Which brings me to the story of Christopher McCandless – a bright, Emory educated, twenty-two year old. Christopher had graduated with a degree in history and anthropology. Christopher had done very well and was well supported by his upper-middle class family and friends. Given $47,000 as a present by a family friend for his post graduate law degree, Christopher was motivated by something else. The life his family had given him, and what he believed to be an “empty materialism” left him wanting something more, often to the bafflement of his parents and friends.
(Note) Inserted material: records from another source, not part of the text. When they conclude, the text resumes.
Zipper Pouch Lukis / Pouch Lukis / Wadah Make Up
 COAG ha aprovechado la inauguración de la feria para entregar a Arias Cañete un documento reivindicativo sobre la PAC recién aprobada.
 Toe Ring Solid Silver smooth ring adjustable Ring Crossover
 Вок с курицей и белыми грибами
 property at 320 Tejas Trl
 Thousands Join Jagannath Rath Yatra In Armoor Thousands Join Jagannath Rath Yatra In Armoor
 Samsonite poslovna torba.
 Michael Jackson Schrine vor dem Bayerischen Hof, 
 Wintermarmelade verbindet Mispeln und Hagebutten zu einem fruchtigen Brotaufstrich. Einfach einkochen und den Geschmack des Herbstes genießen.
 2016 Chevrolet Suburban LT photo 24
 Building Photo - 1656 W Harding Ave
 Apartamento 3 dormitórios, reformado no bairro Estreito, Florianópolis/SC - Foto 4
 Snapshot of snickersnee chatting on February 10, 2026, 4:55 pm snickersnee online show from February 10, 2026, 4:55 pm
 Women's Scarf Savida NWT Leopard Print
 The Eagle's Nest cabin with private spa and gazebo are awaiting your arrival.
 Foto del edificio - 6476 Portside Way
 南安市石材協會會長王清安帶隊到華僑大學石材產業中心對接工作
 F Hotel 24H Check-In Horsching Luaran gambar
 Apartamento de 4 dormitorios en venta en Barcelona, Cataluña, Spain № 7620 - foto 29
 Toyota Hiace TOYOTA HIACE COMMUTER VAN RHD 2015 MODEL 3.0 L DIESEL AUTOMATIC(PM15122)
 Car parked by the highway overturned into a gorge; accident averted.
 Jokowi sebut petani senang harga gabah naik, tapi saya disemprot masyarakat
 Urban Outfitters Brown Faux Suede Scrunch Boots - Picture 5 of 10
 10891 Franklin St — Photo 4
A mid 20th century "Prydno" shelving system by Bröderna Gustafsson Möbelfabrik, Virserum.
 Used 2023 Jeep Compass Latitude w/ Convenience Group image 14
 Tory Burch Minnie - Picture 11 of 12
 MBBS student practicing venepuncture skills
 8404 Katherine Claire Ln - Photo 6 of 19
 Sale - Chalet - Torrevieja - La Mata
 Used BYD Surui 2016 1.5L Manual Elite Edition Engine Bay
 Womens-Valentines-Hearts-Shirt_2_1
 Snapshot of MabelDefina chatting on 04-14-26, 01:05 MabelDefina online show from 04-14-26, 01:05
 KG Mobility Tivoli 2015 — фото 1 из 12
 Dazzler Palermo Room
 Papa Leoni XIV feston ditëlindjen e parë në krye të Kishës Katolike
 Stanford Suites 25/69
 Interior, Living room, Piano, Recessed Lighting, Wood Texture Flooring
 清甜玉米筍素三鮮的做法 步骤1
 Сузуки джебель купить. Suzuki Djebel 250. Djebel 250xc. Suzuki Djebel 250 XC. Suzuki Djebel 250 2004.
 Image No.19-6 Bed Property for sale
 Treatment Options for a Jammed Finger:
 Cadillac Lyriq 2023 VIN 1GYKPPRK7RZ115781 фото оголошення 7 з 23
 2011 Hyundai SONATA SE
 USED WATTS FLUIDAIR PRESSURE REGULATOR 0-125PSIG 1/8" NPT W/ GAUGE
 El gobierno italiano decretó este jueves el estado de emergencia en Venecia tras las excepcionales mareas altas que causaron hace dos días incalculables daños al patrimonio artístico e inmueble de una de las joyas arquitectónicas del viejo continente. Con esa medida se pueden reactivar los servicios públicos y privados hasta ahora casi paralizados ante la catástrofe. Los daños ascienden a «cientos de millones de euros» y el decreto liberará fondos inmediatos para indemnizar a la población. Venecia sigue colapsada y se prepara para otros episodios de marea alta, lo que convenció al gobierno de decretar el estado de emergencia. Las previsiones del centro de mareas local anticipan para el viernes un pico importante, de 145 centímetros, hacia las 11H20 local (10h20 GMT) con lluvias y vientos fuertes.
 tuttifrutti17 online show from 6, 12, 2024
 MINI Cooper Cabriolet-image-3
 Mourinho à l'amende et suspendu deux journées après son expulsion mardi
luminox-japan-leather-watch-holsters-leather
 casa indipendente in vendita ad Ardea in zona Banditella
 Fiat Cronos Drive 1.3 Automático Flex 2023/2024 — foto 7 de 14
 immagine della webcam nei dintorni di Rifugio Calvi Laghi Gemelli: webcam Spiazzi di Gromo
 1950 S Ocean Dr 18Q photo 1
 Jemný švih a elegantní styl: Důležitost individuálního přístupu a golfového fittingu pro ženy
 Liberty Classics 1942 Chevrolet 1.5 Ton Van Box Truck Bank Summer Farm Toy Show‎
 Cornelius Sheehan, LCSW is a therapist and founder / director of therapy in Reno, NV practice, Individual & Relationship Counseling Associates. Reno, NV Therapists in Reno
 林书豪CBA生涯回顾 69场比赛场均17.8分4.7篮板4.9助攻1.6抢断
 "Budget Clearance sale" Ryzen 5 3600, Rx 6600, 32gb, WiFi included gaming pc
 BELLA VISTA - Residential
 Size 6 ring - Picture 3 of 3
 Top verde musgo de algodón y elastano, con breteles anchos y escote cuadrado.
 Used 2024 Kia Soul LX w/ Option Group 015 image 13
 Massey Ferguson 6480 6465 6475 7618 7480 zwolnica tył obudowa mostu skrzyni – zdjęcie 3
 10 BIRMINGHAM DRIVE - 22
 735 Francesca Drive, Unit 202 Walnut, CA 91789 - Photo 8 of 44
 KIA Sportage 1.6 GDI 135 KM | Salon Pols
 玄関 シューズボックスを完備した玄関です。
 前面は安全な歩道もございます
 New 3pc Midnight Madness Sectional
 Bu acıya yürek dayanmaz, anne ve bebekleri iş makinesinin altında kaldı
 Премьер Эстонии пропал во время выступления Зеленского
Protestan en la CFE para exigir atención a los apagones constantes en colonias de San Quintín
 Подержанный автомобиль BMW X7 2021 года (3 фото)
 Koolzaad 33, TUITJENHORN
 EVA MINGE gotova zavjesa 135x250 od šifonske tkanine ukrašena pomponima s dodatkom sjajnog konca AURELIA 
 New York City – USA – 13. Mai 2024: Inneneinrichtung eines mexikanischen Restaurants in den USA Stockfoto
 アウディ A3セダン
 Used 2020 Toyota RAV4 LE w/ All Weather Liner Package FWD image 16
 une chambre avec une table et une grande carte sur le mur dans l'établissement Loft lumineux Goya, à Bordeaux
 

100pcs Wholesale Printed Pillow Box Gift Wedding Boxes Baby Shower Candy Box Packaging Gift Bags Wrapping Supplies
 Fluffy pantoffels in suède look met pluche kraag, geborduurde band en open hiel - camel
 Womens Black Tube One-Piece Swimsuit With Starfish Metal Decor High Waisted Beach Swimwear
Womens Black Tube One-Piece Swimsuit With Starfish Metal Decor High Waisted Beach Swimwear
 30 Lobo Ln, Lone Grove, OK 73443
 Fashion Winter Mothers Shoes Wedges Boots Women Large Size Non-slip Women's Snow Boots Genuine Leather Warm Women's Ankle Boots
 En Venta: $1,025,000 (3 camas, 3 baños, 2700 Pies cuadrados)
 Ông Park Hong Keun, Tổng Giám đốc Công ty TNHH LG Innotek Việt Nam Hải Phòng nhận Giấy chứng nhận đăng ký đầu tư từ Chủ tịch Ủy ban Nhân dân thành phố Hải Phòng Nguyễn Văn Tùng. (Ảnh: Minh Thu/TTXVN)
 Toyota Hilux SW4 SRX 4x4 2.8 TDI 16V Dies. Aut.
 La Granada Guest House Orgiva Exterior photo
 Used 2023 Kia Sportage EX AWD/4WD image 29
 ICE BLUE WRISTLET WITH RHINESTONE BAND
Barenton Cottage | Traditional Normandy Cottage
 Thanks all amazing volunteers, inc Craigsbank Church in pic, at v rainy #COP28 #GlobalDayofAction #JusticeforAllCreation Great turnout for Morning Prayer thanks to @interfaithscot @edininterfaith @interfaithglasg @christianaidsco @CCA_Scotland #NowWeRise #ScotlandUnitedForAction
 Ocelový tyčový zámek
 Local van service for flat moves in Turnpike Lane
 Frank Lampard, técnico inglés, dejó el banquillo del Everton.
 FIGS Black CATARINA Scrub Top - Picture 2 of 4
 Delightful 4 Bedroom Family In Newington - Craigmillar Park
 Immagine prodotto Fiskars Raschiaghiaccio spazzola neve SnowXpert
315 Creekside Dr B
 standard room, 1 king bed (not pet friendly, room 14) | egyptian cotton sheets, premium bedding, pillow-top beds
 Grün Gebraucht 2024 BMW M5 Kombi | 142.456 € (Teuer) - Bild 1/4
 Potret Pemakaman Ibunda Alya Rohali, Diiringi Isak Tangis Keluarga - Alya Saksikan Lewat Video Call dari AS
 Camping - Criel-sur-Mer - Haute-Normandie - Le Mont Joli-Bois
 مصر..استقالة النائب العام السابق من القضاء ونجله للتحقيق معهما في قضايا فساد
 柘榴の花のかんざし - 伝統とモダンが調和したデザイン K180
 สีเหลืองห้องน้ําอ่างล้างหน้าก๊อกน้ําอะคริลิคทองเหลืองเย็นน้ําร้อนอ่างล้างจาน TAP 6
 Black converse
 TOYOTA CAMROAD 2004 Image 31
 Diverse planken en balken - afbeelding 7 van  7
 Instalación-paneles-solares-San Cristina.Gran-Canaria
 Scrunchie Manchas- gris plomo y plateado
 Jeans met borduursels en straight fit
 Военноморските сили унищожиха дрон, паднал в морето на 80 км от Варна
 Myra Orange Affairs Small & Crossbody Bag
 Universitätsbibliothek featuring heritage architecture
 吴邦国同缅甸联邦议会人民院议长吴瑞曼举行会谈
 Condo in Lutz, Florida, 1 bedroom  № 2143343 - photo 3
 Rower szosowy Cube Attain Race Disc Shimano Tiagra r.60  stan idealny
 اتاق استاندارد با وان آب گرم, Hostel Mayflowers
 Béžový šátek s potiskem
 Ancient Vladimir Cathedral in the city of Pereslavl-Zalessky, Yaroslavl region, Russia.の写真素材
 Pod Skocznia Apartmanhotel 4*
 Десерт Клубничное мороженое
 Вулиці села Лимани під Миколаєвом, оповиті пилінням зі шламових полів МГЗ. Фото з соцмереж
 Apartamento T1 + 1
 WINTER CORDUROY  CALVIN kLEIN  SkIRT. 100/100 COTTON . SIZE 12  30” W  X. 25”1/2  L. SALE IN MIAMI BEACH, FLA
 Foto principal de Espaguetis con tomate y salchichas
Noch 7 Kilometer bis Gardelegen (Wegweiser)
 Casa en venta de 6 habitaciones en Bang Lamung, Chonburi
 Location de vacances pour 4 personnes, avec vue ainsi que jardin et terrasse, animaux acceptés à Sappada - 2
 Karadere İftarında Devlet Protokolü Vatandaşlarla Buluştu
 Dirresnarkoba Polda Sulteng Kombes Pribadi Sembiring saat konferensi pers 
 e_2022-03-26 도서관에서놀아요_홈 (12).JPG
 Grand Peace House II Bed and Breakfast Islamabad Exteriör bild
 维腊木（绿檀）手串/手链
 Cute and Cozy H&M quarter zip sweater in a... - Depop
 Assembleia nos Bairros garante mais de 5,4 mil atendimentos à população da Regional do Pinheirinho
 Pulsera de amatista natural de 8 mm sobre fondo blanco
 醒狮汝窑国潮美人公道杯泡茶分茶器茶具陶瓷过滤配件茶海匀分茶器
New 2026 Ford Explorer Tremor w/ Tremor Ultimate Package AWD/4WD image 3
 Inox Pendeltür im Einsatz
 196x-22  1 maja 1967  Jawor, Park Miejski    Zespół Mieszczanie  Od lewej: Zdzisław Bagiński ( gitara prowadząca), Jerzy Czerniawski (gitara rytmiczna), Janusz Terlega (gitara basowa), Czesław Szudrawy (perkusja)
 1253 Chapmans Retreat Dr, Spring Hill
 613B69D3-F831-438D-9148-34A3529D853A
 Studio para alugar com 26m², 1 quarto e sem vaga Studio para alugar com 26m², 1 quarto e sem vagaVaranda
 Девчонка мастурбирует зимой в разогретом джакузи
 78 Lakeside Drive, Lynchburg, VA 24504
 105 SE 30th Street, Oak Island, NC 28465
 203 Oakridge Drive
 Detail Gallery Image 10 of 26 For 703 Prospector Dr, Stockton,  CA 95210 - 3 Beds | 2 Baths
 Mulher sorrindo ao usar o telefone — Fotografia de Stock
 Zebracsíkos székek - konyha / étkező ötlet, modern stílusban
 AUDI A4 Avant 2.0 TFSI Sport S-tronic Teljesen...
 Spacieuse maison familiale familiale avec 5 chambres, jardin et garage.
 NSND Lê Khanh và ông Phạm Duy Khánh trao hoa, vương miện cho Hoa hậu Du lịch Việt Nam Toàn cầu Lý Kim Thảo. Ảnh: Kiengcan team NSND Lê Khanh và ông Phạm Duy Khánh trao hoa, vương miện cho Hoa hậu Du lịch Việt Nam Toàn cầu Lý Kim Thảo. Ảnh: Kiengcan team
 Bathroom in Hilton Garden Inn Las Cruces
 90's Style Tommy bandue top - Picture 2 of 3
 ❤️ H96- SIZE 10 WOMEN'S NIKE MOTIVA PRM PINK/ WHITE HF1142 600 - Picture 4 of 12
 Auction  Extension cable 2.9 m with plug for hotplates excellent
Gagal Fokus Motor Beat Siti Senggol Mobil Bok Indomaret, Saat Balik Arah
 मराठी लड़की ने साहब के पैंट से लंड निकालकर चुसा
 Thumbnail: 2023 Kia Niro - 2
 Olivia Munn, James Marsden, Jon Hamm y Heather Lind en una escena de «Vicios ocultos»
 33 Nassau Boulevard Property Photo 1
He had read Thoreau and Jack London while in college and dreamed of the open road, the wilderness, and more specifically, the Alaskan frontier. In May of 1990, Christopher donated $24,000 of that $47,000 gift to a hunger organization and hit the road. The goal was to live in solitude, in peace amongst the wilderness in which he could reflect and contemplate. He left without ever telling his family or friends where he was going, just hit the road and never looked back.
Along the way he journeyed across Arizona, California, and South Dakota. He kayaked successfully down the Colorado river and worked in a grain elevator. He relied on himself for his food – foraging, hunting, and sometimes accepting a meal from a kind stranger. He kept a journey of his travels often noting the beauty he encountered in the wild, subsisting on minimal supplies and the peace he found in solitude. It was lonely but peaceful and McCandless hitchhiked across Canada, finally arriving at the one place he always dreamed of, Alaska. It was in Fairbanks on April 28th, 1992 that he was last seen and Christopher disappeared deep into the remote wilderness of the unforgiving Alaskan terrain.
His body was found by a local hunter wrapped in a sleeping bag in an abandoned bus on September 6, 1992. He weighed 67 pounds. He had finally found the freedom and solitude he had been seeking. For his last known journal entry before his death, McCandless tore out a page from Louis L'Amour's memoir, “Education of a Wandering Man,” containing a poem by Robinson Jeffers titled, “Wise Men in their Bad Hours.” The poem read:
Death's a fierce meadowlark: but to die having made
Something more equal to centuries
Than muscle and bone, is mostly to shed weakness.
The mountains are dead stone, the people
Admire or hate their stature, their insolent quietness,
The mountains are not softened or troubled
And a few dead men's thoughts have the same temper.
On the other side of the page Christopher McCandless wrote: "I HAVE HAD A HAPPY LIFE AND THANK THE LORD. GOODBYE AND MAY GOD BLESS ALL!"
REFLECTION:
I wrote this article not so we could judge Christopher McCandless (though I'm positive it's almost impossible not to considering his death) but not to celebrate him either. For Christopher McCandless pursued his freedom and paid the price for it – with the very ideals that built this country, an ideal for a better way of life, his way of life, even though the road there was paved with hardship and ultimately, his demise.
If we are to live the life we want, to live in our own freedom, we must pay the price. The price is often heavy, for ourselves as well as the ones we love. Christopher McCandless was portrayed as a hero in the book and respective film about his life, “Into the Wild,” but he is also seen as a selfish and foolish one as well. It all depends on your outlook, your own values. So is it worth it? That depends on how you look at this story – as an account of a man living life on his own terms or as a man who met a haunting, tragic death.